Ser escritor parece ser un factor de riesgo para el suicidio. El poeta bogotano José Asunción Silva es el más famoso de nuestros suicidas. Efraím Otero, presidente de la Sociedad Colombiana de Historia de la Medicina, defiende la tesis de que se trató de un suicidio asistido. Poco antes de su muerte, el médico Juan Evangelista Manrique le marcó en el pecho el lugar del corazón. ¿Para qué más lo pudo haber hecho si no era para facilitar la labor del suicida? El caso más reciente es el de María Mercedes Carranza (“todo el aire que bebes, toda risa o domingo / todo te lleva indiferente y fatal hacia la muerte”). A María Mercedes la precedió el escritor caleño Andrés Caicedo, aquél que decía que vivir más de veinticinco años era una insensatez y que -para ser consecuente- se quitó la vida en 1977, con una sobredosis de barbitúricos. No había cumplido aún los veintiséis. En 1884, tras pegarse un tiro en el pecho, murió en Bogotá el escritor momposino de las negritudes Candelario Obeso (“Qué triste que está la noche, la noche que triste está”). Dice José María Cordovez Moure -el de las famosas Reminiscencias de Santafé y Bogotá- que Obeso antes de morir confesó: “tiré al blanco y le di al negro”, una demostración inaudita de poético humor macabro. En cada región colombiana suele haber un sitio que atrae a los suicidas. El salto del Tequendama fue ese sitio para los bogotanos, mientras que hoy los paisas prefieren el metro. El puente en Floridablanca, ahí pegado de Bucaramanga, lleva en ello muchos años, y el del Combeima en Ibagué ha dado mucho de qué hablar. Pero ninguno atrae tantos suicidas -uno por semana- como el viaducto de Dosquebradas, en Pereira. El nombre de César Gaviria, con el que bautizaron el puente, quizás ayude a muchos a dar ese último salto.
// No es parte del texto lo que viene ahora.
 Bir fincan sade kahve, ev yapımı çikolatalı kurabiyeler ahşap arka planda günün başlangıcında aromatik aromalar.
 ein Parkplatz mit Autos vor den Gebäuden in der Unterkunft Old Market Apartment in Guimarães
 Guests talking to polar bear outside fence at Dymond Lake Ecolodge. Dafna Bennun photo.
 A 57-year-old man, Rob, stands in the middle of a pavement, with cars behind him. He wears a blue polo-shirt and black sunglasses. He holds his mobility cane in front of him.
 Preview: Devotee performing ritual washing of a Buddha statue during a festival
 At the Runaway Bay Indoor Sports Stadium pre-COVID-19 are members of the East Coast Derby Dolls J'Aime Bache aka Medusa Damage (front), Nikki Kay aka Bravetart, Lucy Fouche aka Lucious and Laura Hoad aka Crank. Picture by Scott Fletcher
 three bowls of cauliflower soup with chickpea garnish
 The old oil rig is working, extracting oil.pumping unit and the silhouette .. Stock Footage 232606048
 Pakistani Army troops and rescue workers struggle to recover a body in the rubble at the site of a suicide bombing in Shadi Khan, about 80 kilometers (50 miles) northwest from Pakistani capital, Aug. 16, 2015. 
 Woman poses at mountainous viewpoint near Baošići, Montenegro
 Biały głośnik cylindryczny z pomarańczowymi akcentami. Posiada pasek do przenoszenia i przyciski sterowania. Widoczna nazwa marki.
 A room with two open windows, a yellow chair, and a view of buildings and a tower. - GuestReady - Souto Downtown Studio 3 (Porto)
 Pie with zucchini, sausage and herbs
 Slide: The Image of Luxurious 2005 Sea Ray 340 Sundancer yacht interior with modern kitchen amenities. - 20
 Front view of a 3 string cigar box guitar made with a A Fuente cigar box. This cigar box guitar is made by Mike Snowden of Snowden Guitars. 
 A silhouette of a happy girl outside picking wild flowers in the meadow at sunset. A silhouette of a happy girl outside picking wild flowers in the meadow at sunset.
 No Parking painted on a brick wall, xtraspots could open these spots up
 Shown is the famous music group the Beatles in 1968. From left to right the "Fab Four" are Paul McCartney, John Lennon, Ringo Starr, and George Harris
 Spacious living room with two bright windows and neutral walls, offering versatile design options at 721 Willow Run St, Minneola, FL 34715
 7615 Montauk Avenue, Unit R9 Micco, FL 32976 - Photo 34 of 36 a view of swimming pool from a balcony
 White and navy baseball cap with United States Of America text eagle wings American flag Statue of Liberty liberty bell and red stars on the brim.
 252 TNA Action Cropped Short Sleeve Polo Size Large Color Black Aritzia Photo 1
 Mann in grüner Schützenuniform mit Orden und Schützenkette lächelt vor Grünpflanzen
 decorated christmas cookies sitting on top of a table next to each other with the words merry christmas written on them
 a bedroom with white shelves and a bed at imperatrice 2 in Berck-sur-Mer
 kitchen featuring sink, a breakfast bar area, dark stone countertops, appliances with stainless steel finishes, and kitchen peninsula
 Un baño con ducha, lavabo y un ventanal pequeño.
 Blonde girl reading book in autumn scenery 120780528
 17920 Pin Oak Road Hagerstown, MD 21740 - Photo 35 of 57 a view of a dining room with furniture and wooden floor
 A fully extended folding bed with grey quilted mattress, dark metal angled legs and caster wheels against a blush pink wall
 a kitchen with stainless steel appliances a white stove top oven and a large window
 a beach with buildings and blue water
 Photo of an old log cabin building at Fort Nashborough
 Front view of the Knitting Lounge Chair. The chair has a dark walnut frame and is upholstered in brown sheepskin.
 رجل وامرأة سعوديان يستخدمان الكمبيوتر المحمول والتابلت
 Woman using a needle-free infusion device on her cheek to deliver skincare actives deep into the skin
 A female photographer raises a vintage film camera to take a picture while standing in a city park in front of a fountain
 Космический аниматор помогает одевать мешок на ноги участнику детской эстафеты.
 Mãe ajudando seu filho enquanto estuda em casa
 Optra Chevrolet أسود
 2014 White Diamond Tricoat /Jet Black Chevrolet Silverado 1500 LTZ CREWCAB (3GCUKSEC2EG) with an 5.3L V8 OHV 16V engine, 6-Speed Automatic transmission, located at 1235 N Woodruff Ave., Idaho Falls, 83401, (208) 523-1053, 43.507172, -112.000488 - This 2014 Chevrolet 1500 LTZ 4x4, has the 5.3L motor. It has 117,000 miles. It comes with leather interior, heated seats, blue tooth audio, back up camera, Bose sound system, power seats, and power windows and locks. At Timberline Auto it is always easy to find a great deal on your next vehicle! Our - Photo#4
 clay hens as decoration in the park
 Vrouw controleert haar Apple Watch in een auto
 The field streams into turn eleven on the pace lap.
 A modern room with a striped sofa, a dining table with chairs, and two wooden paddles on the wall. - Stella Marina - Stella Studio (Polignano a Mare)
Pero el relato suicida más pintoresco es quizás el del bar La Chispa en esa misma ciudad de Pereira. Por razones poco claras, y a pesar de los esfuerzos de su desesperado propietario, por allá la en la primera mitad del siglo XX La Chispa se convirtió en el lugar en donde se daban cita los suicidas. Con sus copas llenas de veneno se confundían entre los otros clientes del lugar y brindaban golpeando sus vasos para caer a un mismo tiempo desplomados sobre la mesa. ¡Adiós, mundo cruel!